Von der Agrarökonomie zur Wissensökonomie

Wirtschaft heißt Wandel. Jahrhunderte lang vollzog sich dieser Wandel sehr langsam und wirtschaftliche Produktionsweisen und mit ihnen die Gesellschaftsstrukturen veränderten sich in den allermeisten Fällen nur im Laufe mehrerer Generationen. Seit dem Einschnitt des Weltkriegsendes vor gut 60 Jahren, der auch in wirtschaftlicher Hinsicht einer "Stunde Null" sehr nahe gekommen ist, hat sich dieser Wandel stark beschleunigt. Die relative Stabilität der Wirtschaftsstrukturen der Agrargesellschaft wurde aufgebrochen und im Zuge des wirtschaftlichen Wiederaufbaus und des anschließend folgenden Wirtschaftswunders erlebte die Tiroler Wirtschaft eine beinahe vollständige Umgestaltung.

Die Landwirtschaft, die heute noch für ca. 3 % der Erwerbstätigen ein Einkommen bietet, gegenüber knapp 40 % zum Zeitpunkt der Volkszählung 1951, hat ihre wirtschaftlich dominante Stellung eindeutig eingebüßt (siehe Karte Strukturwandel in der Landwirtschaft).
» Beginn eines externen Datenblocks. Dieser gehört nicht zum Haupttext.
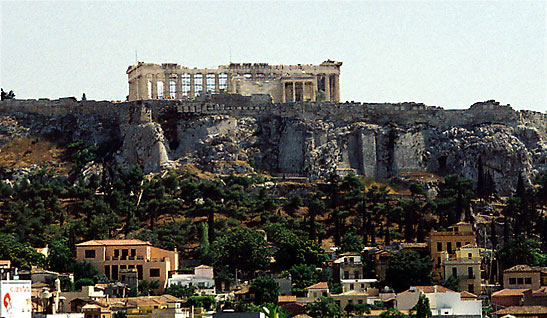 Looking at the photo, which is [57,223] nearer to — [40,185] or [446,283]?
[40,185]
Ein ausgeprägtes Tiroler Spezifikum ist, dass der Beschäftigungsaufschwung im Industrie- und im Dienstleistungssektor fast zeitgleich einsetzte, so dass die klassische Phasenfolge Agrar-, Industrie- und Dienstleistungsgesellschaft stark verkürzt wurde.
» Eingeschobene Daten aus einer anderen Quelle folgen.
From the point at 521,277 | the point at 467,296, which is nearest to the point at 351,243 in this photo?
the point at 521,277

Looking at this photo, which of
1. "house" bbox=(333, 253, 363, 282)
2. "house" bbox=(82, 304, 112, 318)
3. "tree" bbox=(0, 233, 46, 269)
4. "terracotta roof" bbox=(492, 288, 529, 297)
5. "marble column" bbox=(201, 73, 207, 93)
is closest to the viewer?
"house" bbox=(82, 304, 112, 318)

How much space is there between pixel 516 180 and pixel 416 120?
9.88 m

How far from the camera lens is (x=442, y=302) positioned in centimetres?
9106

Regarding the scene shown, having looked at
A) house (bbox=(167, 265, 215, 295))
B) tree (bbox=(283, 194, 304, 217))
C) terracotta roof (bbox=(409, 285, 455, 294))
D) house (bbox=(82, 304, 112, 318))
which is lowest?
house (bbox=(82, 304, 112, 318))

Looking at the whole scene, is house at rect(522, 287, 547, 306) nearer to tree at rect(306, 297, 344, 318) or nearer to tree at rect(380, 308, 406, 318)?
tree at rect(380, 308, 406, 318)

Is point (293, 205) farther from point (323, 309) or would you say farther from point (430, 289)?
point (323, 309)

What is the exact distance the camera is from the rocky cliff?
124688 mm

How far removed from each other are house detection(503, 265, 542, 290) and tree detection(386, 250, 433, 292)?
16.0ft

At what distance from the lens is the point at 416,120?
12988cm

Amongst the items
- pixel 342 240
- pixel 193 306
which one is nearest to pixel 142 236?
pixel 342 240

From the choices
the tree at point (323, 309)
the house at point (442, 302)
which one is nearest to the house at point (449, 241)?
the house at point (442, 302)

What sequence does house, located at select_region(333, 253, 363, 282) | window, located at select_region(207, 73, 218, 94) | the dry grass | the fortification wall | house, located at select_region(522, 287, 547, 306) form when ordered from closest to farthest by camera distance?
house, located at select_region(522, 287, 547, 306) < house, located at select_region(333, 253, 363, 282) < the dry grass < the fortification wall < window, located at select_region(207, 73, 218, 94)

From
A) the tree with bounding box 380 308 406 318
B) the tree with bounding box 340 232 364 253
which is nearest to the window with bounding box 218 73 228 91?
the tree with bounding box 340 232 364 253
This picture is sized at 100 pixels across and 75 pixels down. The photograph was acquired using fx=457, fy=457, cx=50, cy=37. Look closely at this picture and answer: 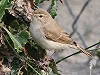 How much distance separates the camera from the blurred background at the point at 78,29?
705cm

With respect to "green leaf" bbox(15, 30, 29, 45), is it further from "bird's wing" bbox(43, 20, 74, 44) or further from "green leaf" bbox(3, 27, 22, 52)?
"bird's wing" bbox(43, 20, 74, 44)

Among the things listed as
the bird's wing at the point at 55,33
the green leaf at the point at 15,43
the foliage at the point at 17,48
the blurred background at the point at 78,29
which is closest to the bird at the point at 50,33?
the bird's wing at the point at 55,33

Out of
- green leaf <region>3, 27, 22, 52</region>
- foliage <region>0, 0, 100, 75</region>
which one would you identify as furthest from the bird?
green leaf <region>3, 27, 22, 52</region>

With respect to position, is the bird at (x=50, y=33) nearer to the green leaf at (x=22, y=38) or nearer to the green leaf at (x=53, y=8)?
the green leaf at (x=53, y=8)

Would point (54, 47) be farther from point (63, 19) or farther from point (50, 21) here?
point (63, 19)

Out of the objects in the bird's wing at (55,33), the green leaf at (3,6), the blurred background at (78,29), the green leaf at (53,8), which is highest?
the green leaf at (3,6)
Die Verschiebungen in der sektoralen Wirtschaftstruktur hatten auch geänderte Ansprüche der Wirtschaft an den Raum zur Folge. Industriebetriebe benötigen große, ebene Flächen, weshalb eine Konzentration an Industriegemeinden in den Haupttälern zu finden ist. Dienstleistungen beherrschen die Seitentäler (Tourismus) und die Siedlungsschwerpunkte in den Talräumen (breiter Dienstleistungsmix). Landwirtschaftlich dominiert sind nur noch Gemeinden in Randlagen abseits der Hauptwirtschaftszentren mit einer oft ungünstigen Verkehrsanbindung (siehe Karte Dominanter Sektor). Es kam somit zu einer räumlichen und funktionalen Spezialisierung der Wirtschaft entsprechend den vorherrschenden Standortbedingungen.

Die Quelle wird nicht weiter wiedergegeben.